▶ What you should do
Below are the records; give again exactly the lines from the one containing "Kapolsek Siantar Utara" through the one containing "Les jardins du tigre", leaving out pictures.

▶ Provided records
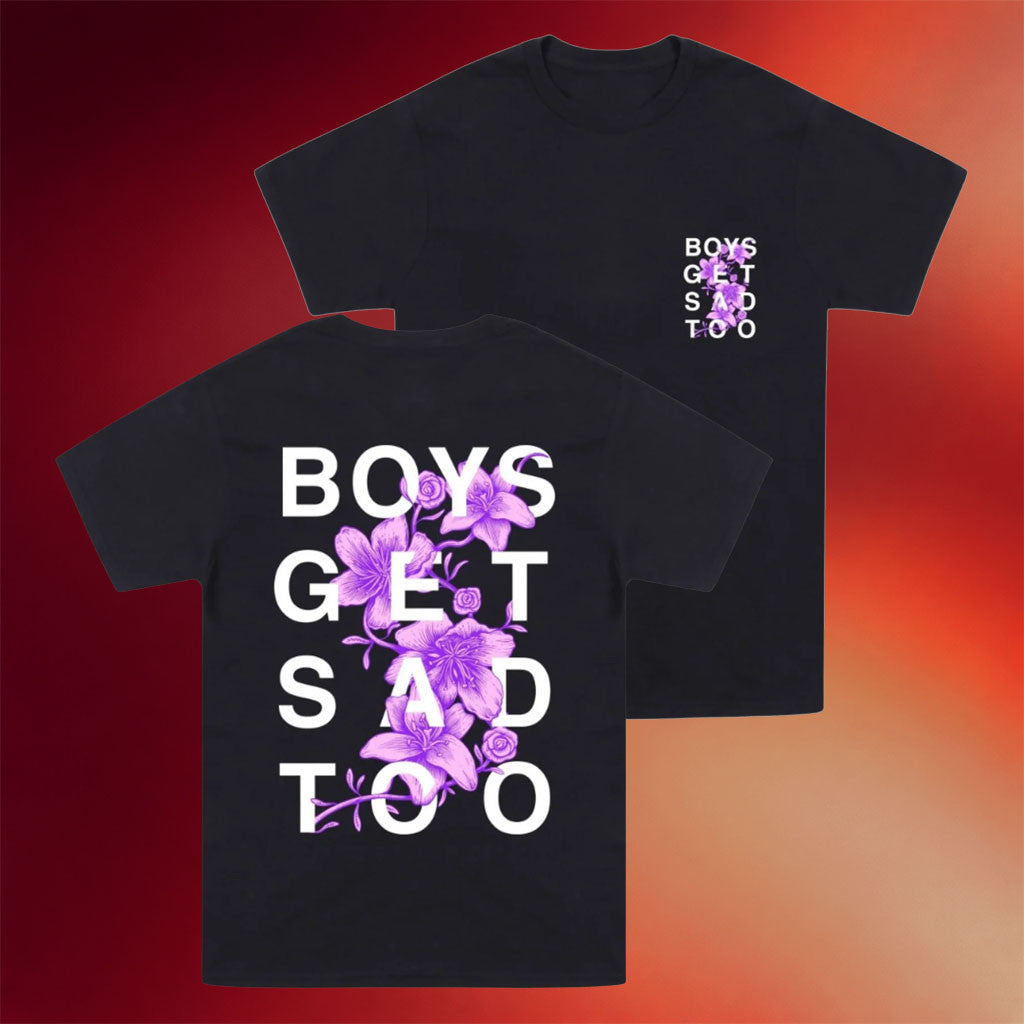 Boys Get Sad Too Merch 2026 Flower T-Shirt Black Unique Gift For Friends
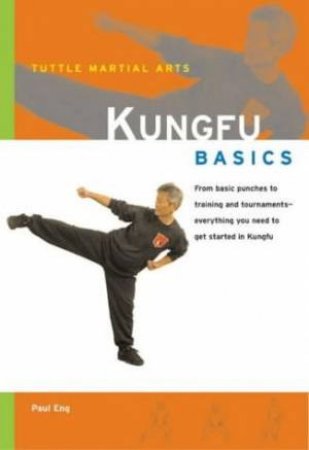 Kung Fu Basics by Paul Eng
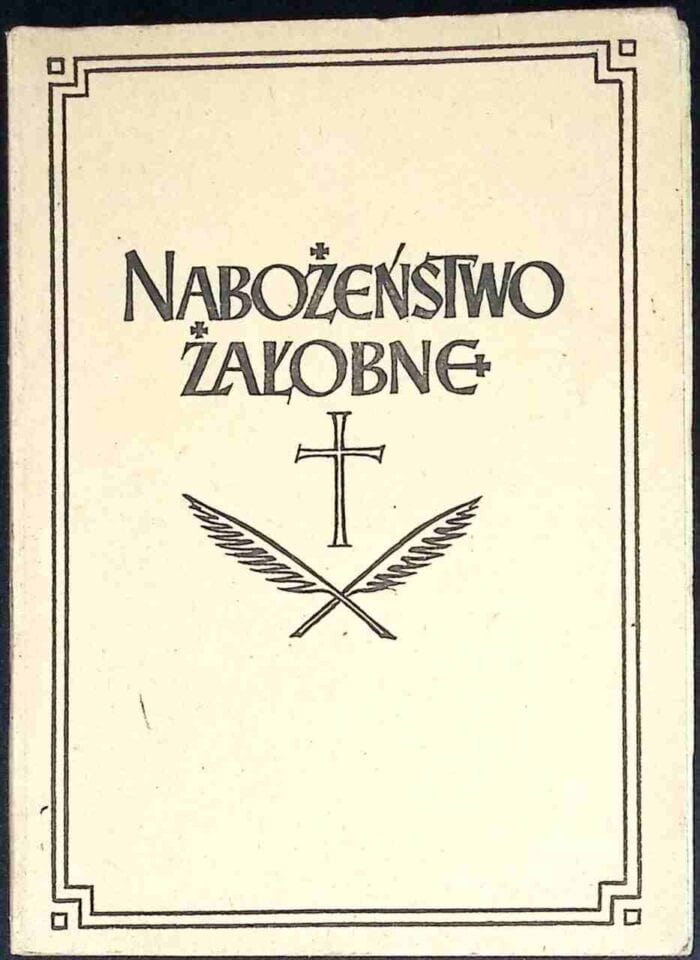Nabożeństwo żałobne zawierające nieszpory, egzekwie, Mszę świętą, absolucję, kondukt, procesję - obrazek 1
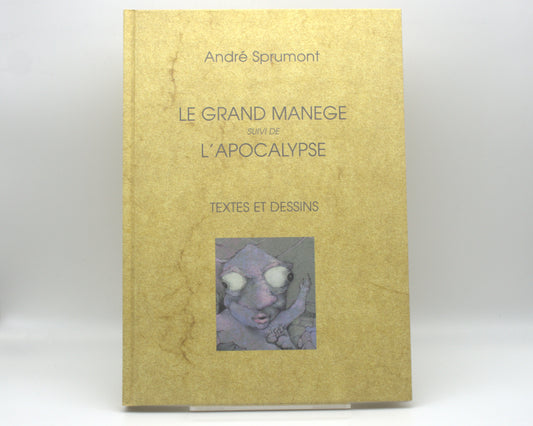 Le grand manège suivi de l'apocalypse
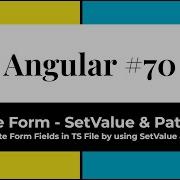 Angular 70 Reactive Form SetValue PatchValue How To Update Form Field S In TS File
...
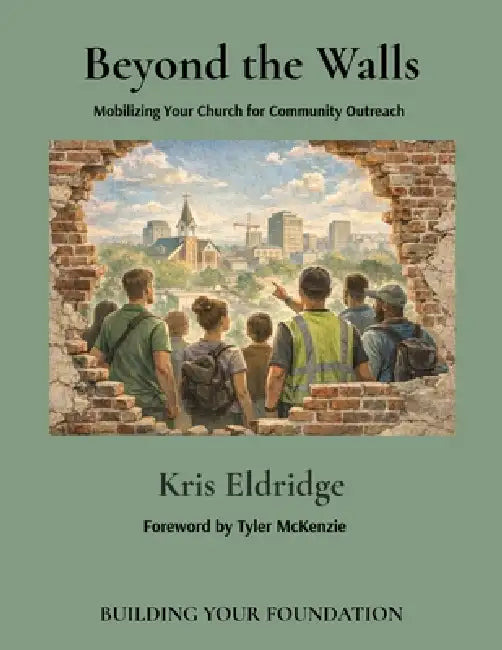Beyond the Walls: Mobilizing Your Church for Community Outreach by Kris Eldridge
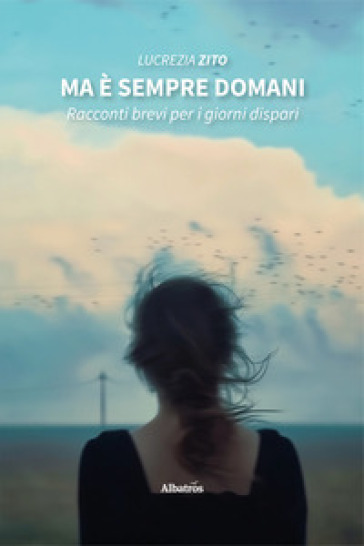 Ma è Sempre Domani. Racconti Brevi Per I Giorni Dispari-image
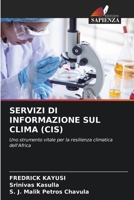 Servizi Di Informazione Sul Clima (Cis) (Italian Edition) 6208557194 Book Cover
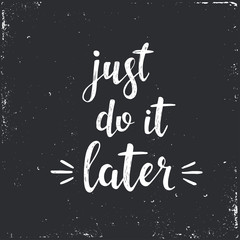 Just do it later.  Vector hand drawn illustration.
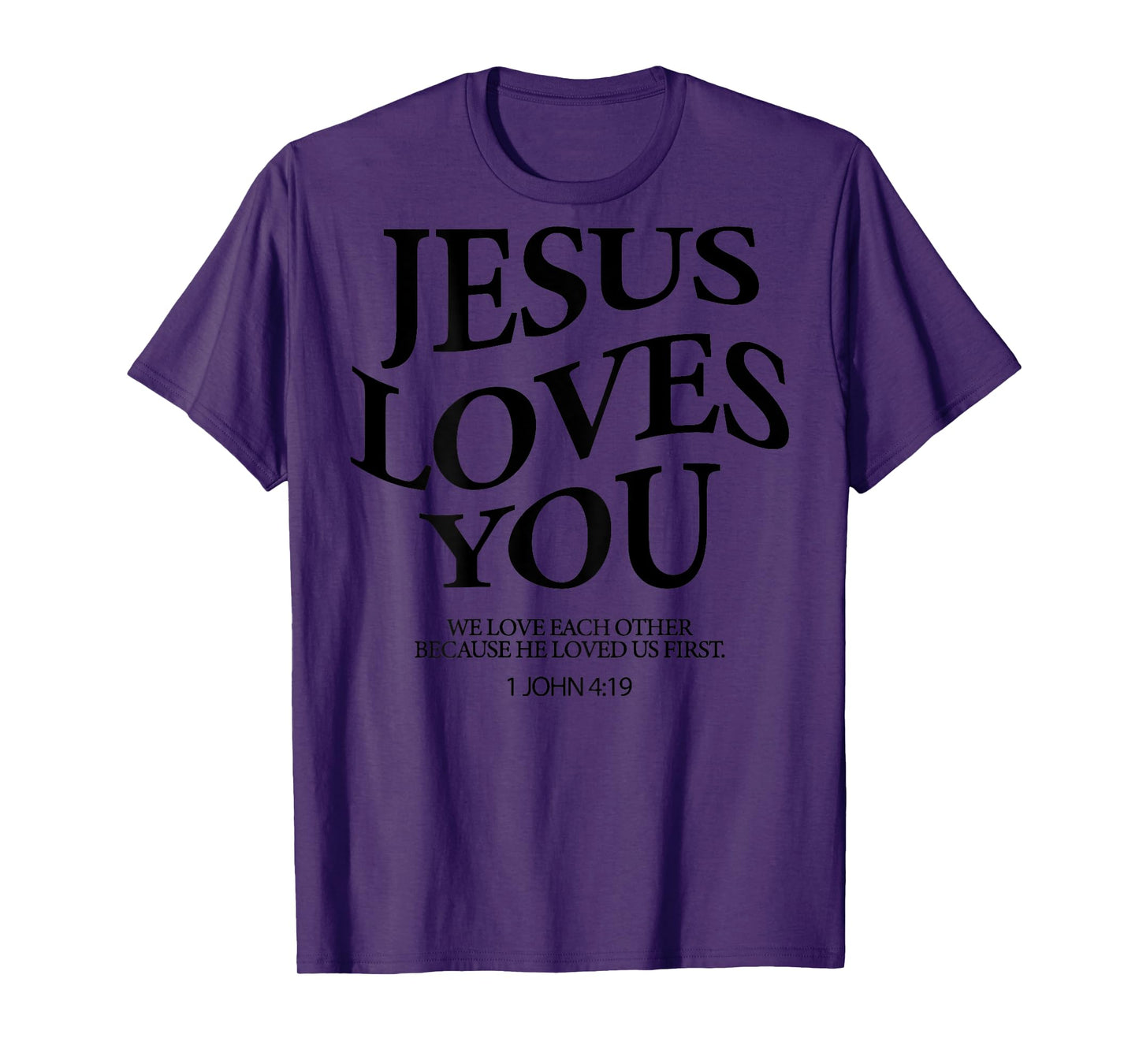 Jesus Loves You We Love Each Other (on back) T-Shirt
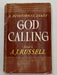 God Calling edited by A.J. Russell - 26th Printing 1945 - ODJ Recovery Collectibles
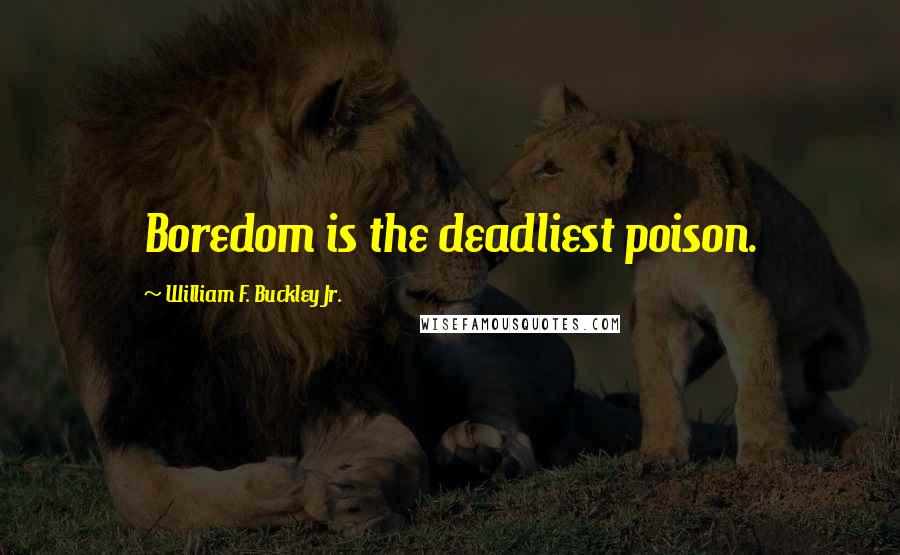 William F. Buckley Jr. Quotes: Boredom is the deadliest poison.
...
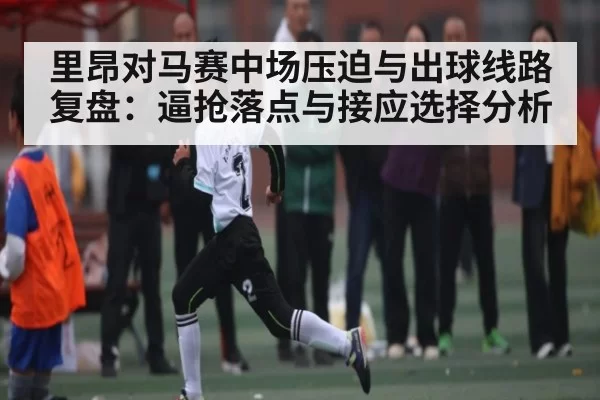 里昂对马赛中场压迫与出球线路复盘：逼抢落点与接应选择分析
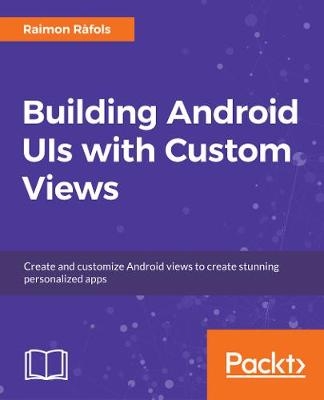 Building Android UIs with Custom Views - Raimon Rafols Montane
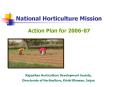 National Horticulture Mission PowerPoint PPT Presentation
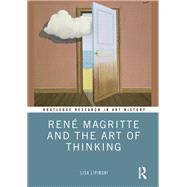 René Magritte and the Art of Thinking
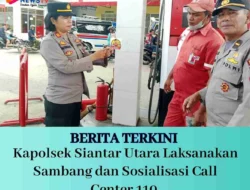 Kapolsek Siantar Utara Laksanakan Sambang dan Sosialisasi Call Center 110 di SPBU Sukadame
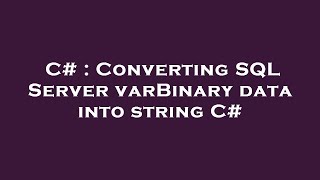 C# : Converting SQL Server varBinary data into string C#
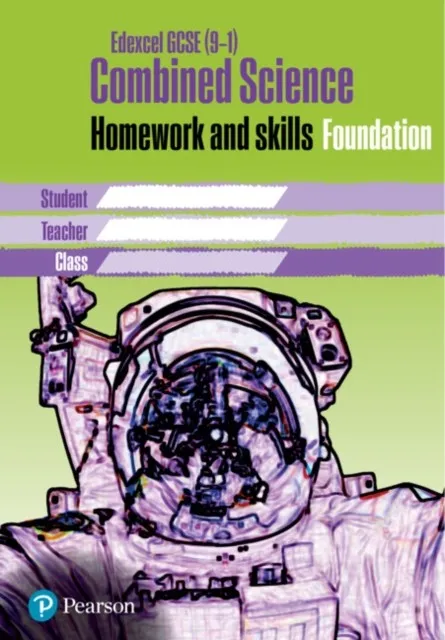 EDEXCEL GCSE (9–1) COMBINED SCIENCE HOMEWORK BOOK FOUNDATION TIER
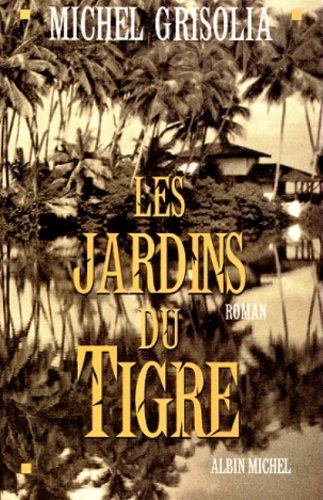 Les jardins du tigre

▶ Result of this exercise
 Kapolsek Siantar Utara Laksanakan Sambang dan Sosialisasi Call Center 110 di SPBU Sukadame
 C# : Converting SQL Server varBinary data into string C#
 EDEXCEL GCSE (9–1) COMBINED SCIENCE HOMEWORK BOOK FOUNDATION TIER
 Les jardins du tigre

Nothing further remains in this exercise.